(Short descriptive text snippets)
________________________

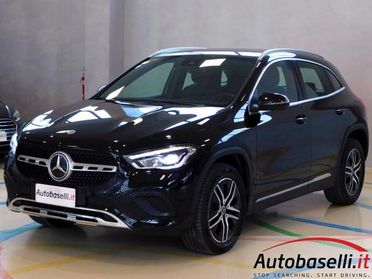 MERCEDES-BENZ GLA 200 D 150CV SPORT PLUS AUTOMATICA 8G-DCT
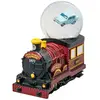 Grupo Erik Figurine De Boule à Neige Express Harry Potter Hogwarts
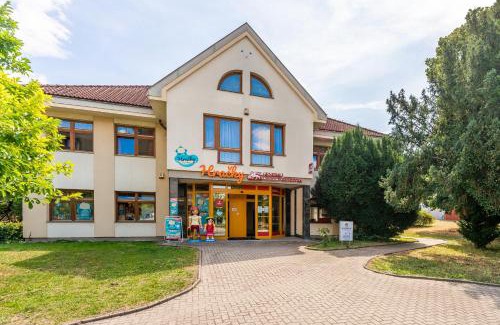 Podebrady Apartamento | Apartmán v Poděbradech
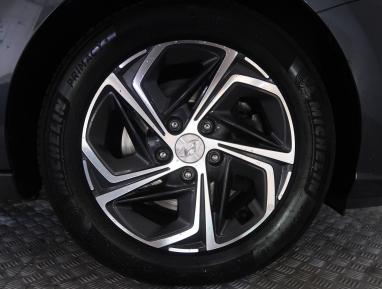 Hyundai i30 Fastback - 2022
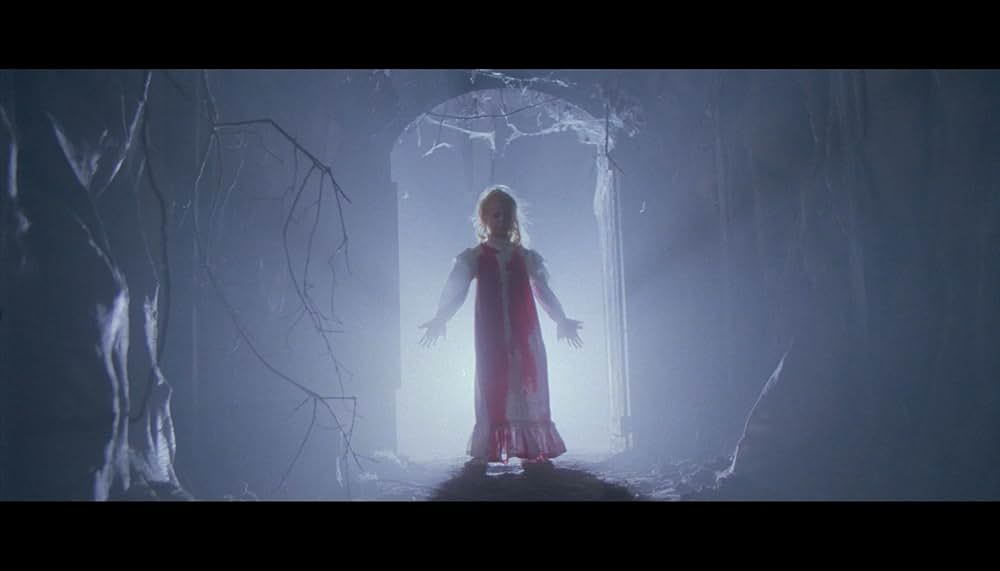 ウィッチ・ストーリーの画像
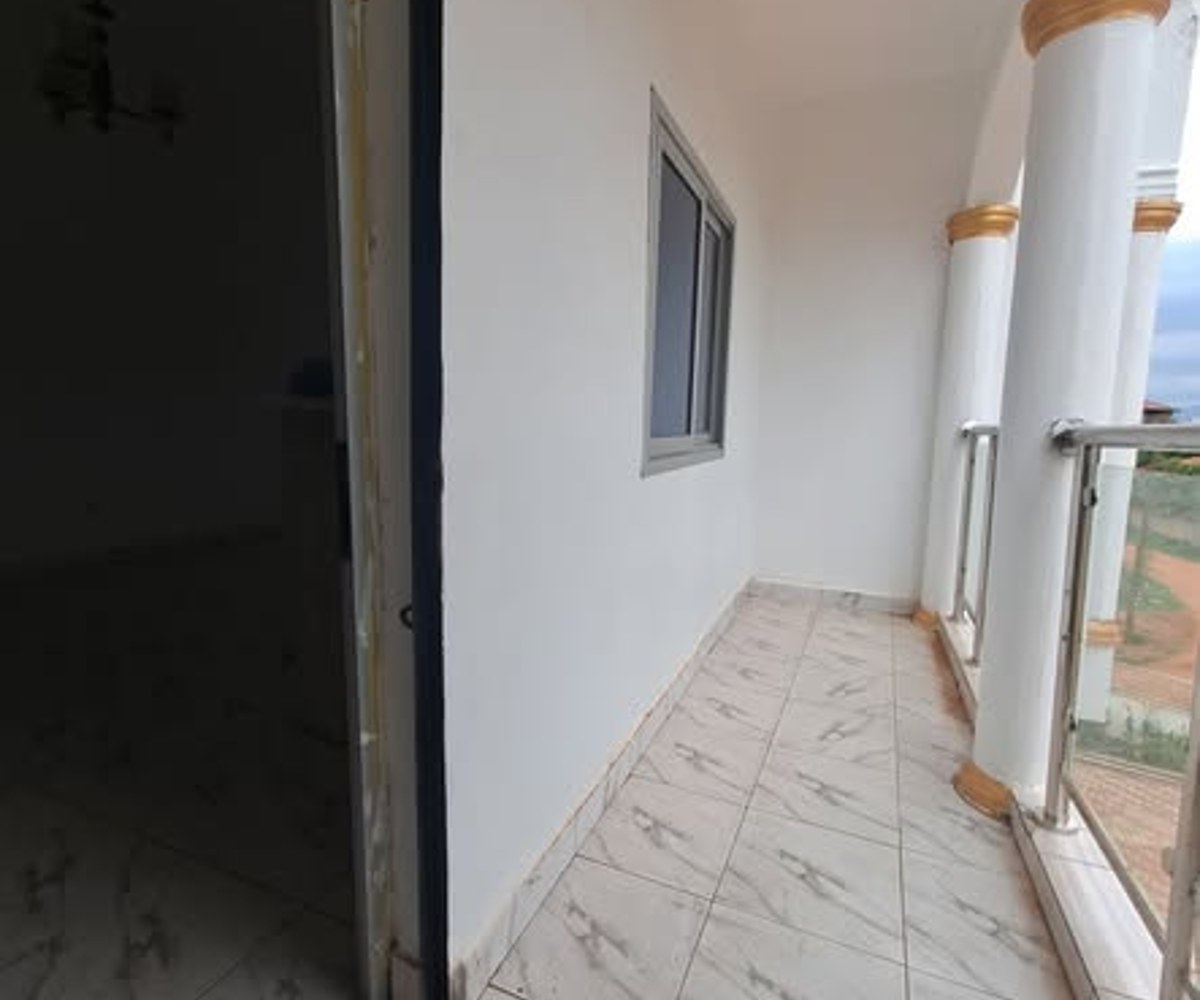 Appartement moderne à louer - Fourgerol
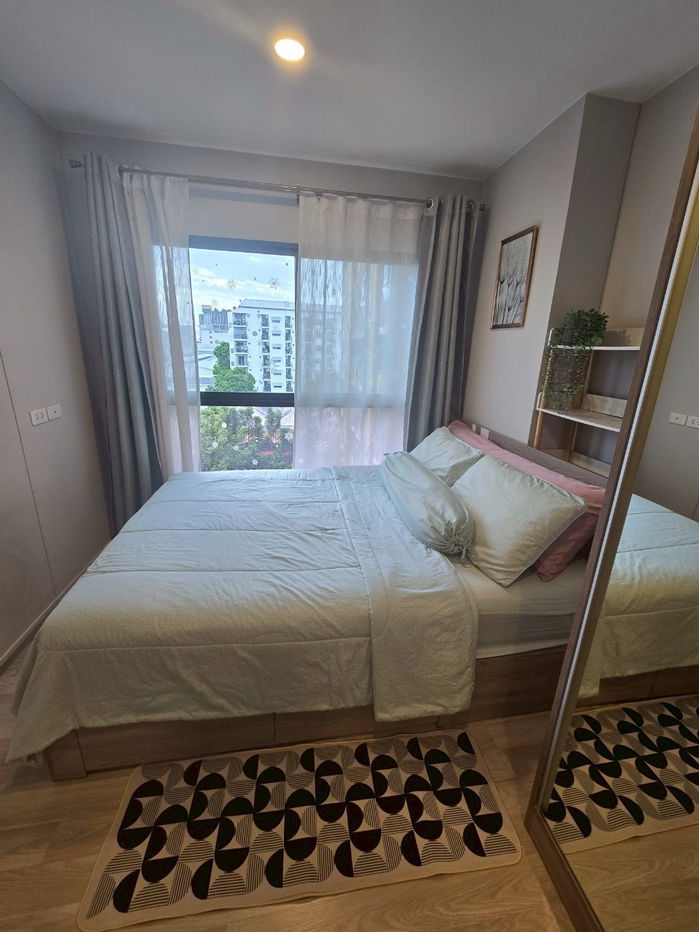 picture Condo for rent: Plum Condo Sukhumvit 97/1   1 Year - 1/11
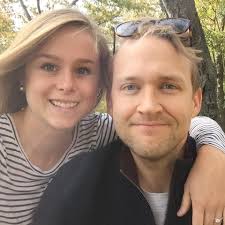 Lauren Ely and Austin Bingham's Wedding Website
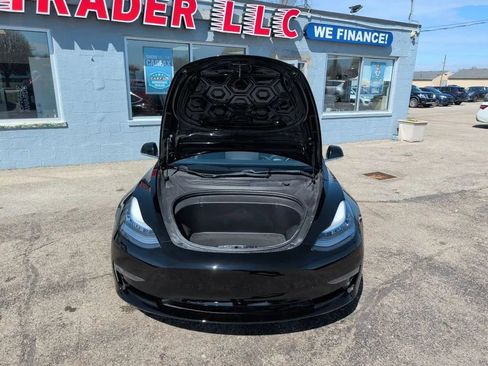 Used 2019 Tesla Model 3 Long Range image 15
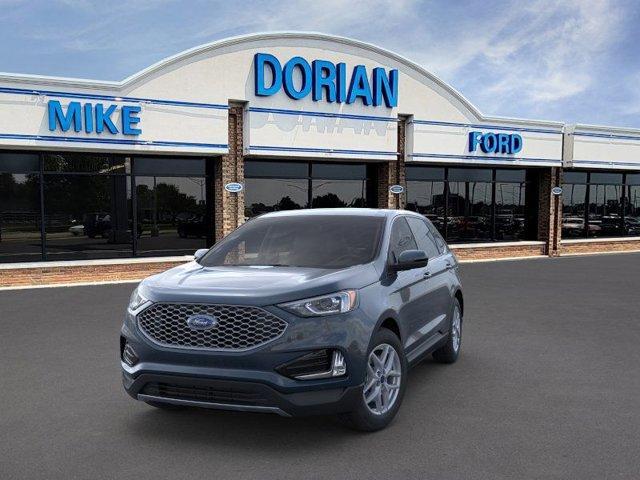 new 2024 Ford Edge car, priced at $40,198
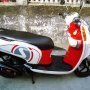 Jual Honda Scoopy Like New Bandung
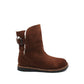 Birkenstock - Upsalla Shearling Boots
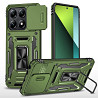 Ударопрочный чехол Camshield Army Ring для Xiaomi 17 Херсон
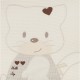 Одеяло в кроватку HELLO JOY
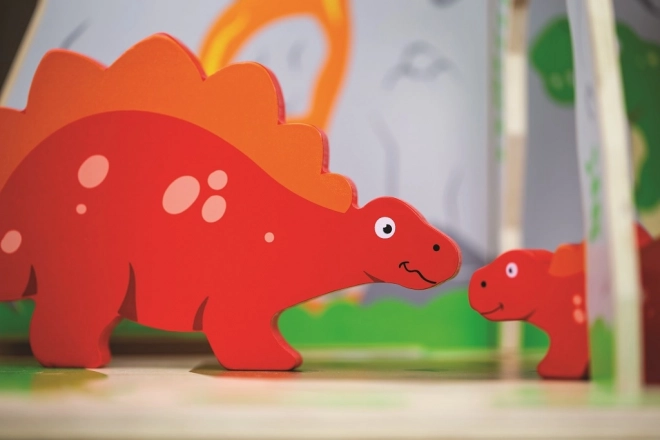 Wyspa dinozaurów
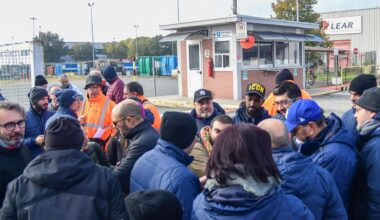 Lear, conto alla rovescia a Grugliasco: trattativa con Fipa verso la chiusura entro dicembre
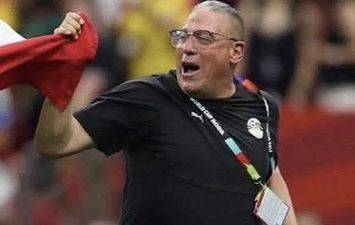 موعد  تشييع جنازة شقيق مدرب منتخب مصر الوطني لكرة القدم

________________________

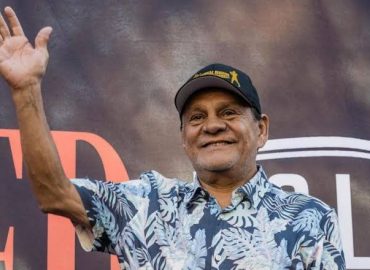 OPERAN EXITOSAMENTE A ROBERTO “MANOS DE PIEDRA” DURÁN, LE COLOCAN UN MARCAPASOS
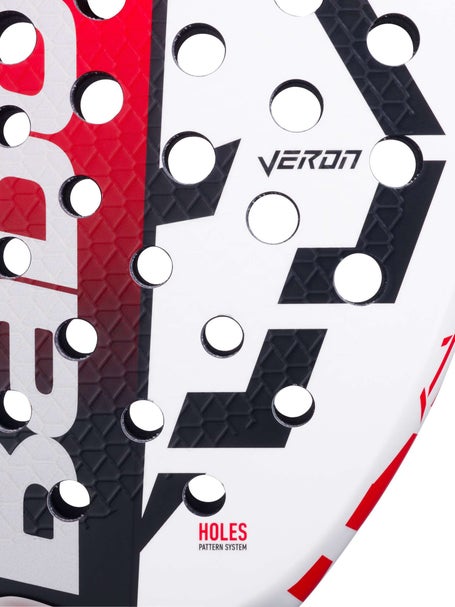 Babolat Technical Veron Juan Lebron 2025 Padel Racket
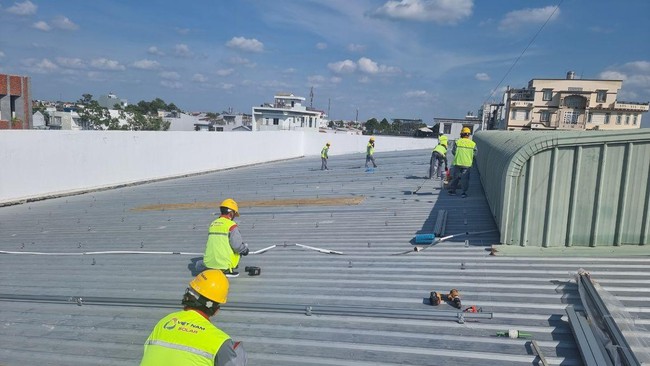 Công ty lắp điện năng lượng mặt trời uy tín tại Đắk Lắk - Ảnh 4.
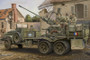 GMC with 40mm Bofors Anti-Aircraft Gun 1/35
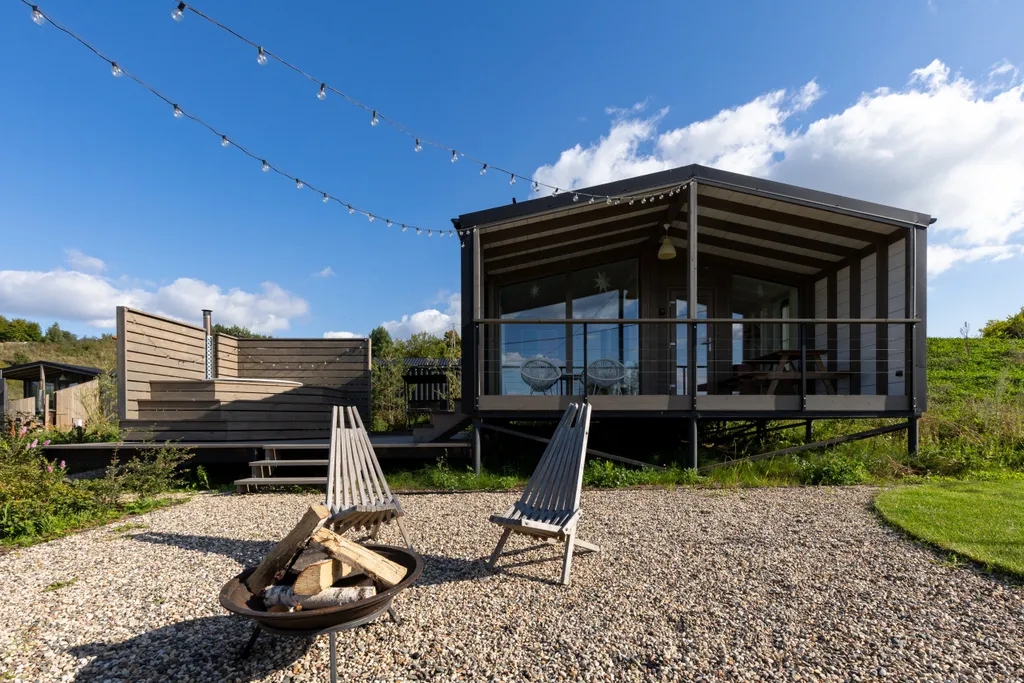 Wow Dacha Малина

________________________

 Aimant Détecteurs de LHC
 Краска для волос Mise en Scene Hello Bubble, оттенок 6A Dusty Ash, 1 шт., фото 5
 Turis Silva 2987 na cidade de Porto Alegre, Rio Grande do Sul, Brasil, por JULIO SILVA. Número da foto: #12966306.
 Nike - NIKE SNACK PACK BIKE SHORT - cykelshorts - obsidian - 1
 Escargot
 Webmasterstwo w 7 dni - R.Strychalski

________________________

Problem description
Return the stretch of data that begins with the line showing "Podebrady Apartamento |" and goes on through the line showing "الوطني لكرة القدم", exactly, with pictures removed.

Problem solution
 Podebrady Apartamento | Apartmán v Poděbradech
 Hyundai i30 Fastback - 2022
 ウィッチ・ストーリーの画像
 Appartement moderne à louer - Fourgerol
 picture Condo for rent: Plum Condo Sukhumvit 97/1   1 Year - 1/11
 Lauren Ely and Austin Bingham's Wedding Website
 Used 2019 Tesla Model 3 Long Range image 15
 new 2024 Ford Edge car, priced at $40,198
 Jual Honda Scoopy Like New Bandung
 Birkenstock - Upsalla Shearling Boots
 Ударопрочный чехол Camshield Army Ring для Xiaomi 17 Херсон
 Одеяло в кроватку HELLO JOY
 Wyspa dinozaurów
 Lear, conto alla rovescia a Grugliasco: trattativa con Fipa verso la chiusura entro dicembre
 موعد  تشييع جنازة شقيق مدرب منتخب مصر الوطني لكرة القدم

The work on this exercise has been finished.